• TASK:
Output the whole listing below exactly, omitting the images.

• DATASET EXTRACT:
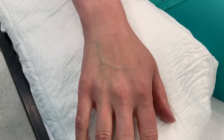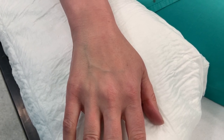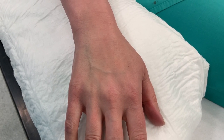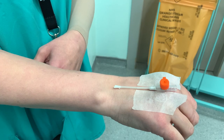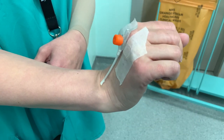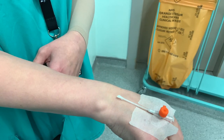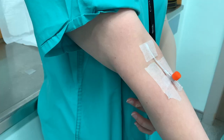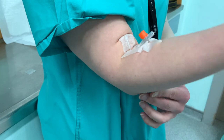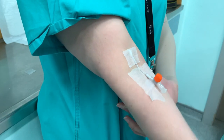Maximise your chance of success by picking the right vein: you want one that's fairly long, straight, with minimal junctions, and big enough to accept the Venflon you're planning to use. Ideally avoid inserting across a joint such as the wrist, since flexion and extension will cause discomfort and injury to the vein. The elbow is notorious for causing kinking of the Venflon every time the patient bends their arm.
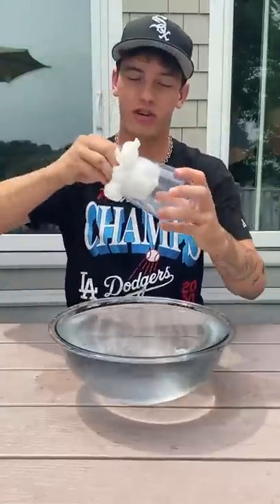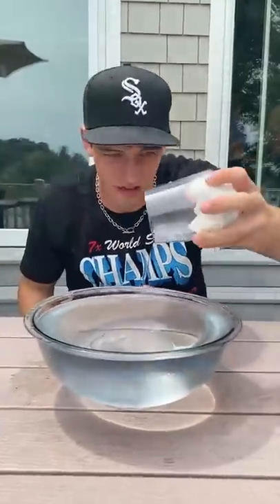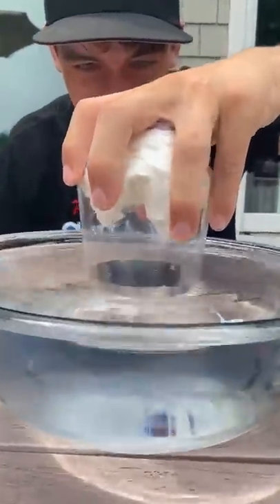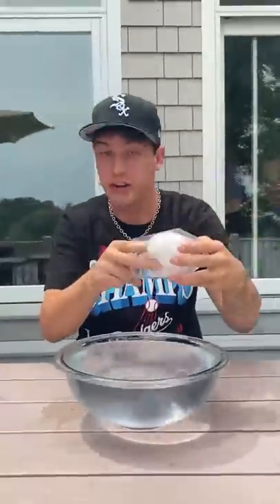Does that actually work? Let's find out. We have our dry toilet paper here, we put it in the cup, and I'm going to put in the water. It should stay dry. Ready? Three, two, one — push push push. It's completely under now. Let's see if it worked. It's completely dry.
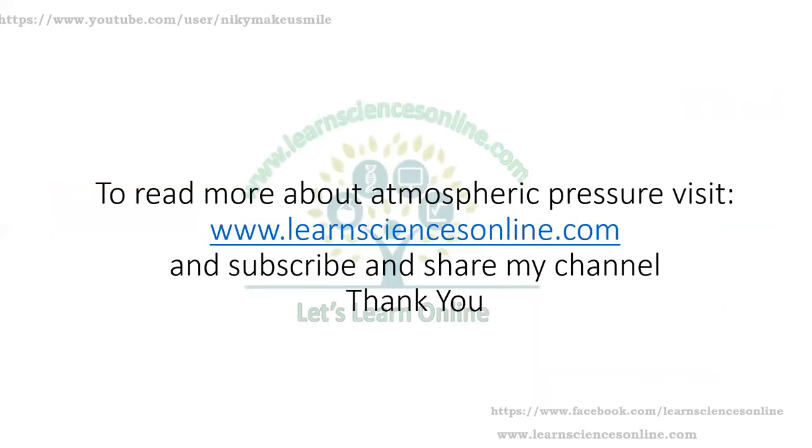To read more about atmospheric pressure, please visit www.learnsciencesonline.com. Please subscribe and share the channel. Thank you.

• ANSWER BELOW:
Maximise your chance of success by picking the right vein: you want one that's fairly long, straight, with minimal junctions, and big enough to accept the Venflon you're planning to use. Ideally avoid inserting across a joint such as the wrist, since flexion and extension will cause discomfort and injury to the vein. The elbow is notorious for causing kinking of the Venflon every time the patient bends their arm.
Does that actually work? Let's find out. We have our dry toilet paper here, we put it in the cup, and I'm going to put in the water. It should stay dry. Ready? Three, two, one — push push push. It's completely under now. Let's see if it worked. It's completely dry.
To read more about atmospheric pressure, please visit www.learnsciencesonline.com. Please subscribe and share the channel. Thank you.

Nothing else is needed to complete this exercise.